Tafsir Al-Isra' 32: Zina Itu Ibarat Api, Bukan Kereta Api

Tafsir Al-Isra Ilustrasi

Perzinaan yang dilakukan dengan istri teman atau istri tetangga berpotensi pertengkaran dan sangat mungkin terjadi pembunuhan. Rebutan cewek dalam dunia pelacuran sering berujung pembunuhan. Untuk itu, benar sekali Tuhan mengaitkan ayat zina dengan ayat pembunuhan, baik pembunuhan bayi maupun antar orang dewasa.

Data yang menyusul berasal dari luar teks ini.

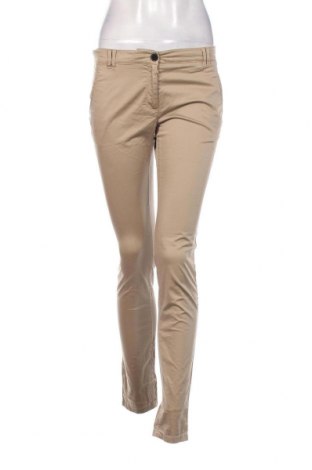 Dámské kalhoty  Esprit, Velikost S, Barva Béžová, Cena  516,00 Kč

Dua efek dari perbuatan zina dikatakan pada ayat kaji ini, yakni: “fahisyah” dan “sa’a sabila”. Fahisyah adalah perbuatan keji yang tidak patut dilakukan oleh orang beriman. Sedangkan sa’a sabila adalah pelaku zina tertimpa jalan hidup yang buruk. Bila lahir anak, maka anak itu tidak bernasab secara sah yang tentu mengakibatkan ketidak jelasan status. Seperti tidak punya hak waris kepada ayah, tidak punya wali nikah dari nasab, jika anak itu perempuan.

Apalagi jika dikaitkan dengan zaman sekarang yang serba administratif. Anak itu tidak punya akte kelahiran yang sah. Tentu menyulitkan, seperti mau sekolah, pemberkasan, menikah dan lain-lain. Anak yang lahir dari perzinaan sungguh anak yang suci, tanpa dosa, sama dengan anak manusia yang lahir dari pernikahan yang sah atau dari budak wanita miliknya. Yang berdosa adalah orang tuanya, bukan anak. Tapi anak ikut tertimpa status buruk akibat perbuatan orang tuanya.

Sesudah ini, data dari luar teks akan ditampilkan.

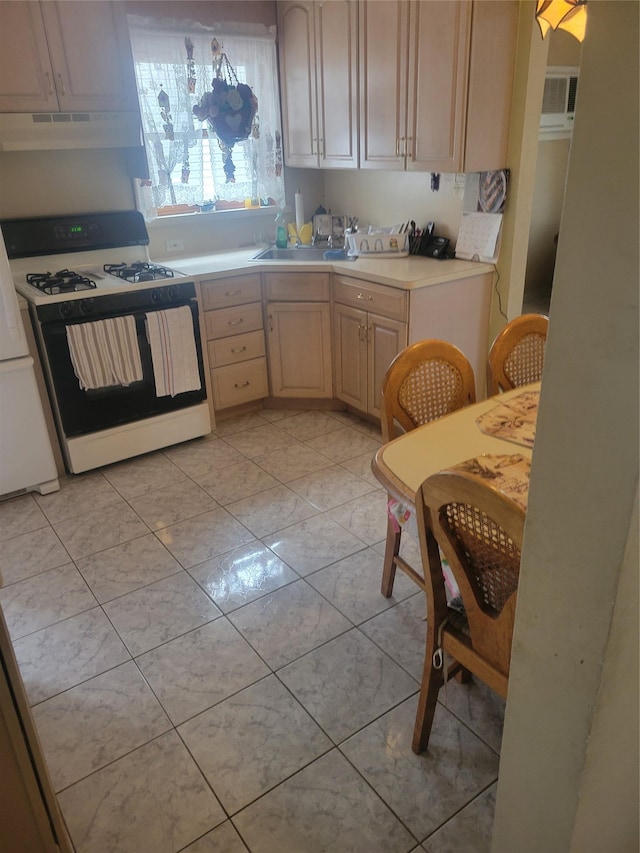 157-27 23rd Ave, Whitestone, NY 11357 - photo 9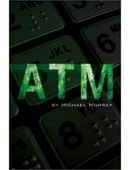 ATM Trick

Begitu halnya dengan nama baik pelaku zina dalam tatanan masyarakat bermoral. Pelaku zina akan menjadi rendah dalam pandangan publik, meskipun Allah SWT selalu membuka pintu tobat seluas-luasnya. Tidak ada dosa yang tidak diampuni, asal serius bertobat.

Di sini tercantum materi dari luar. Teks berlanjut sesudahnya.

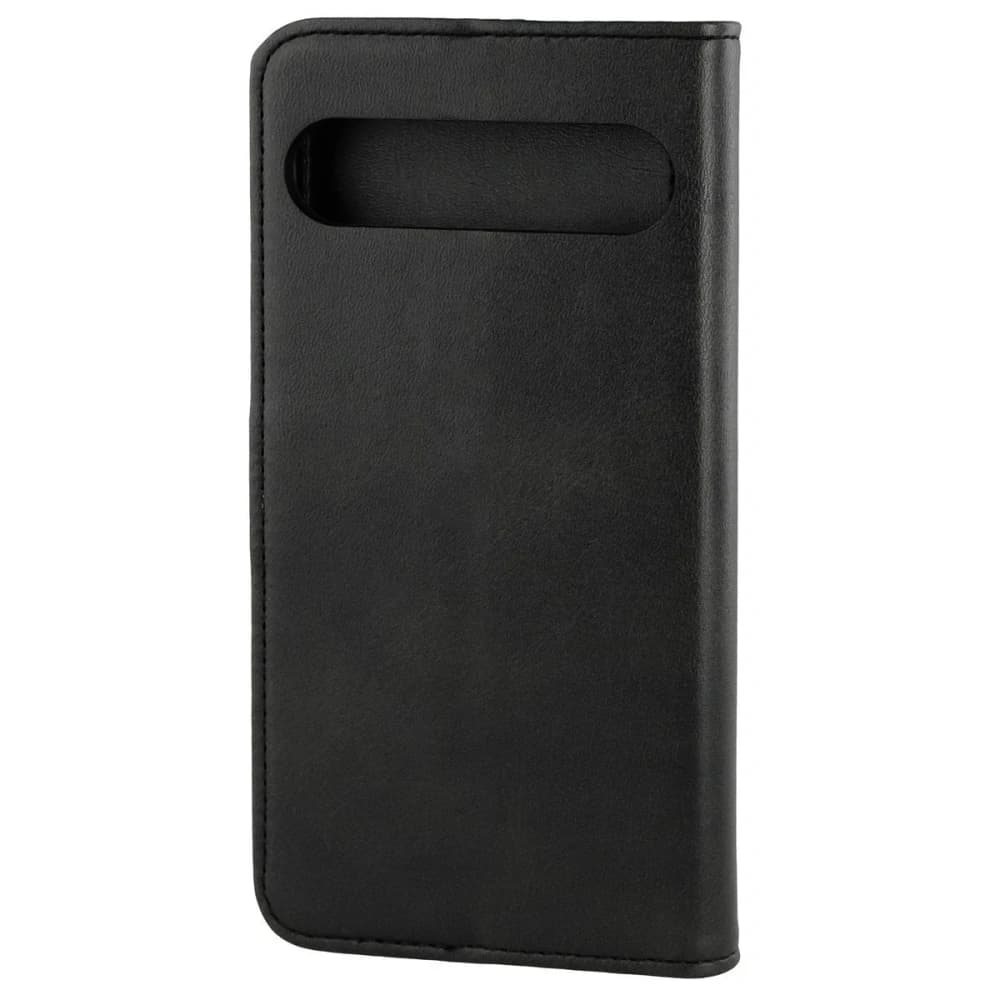 Bizon Case Pocket Sony Xperia 10 VII schwarz
 - 4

Tidak sama dengan hukum tatanan manusia yang cederung mengeksekusi dan final. Orang terhormat bisa direndahkan gara-gara berzina. Di Amerika, seseorang bisa batal menjadi calon presiden karena diketahui punya skandal seksual. Itulah arah pesan firman-Nya “wa sa’a sabila”.

Untuk itu, benar sekali jika larangan berzina ini diantar dengan bahasa antisipatif, “jangan mendekati” atau “ wa la taqrabu”. Tidak dengan larangan langsung obyek, seperti: “jangan berzina”. Artinya, zina itu punya zona.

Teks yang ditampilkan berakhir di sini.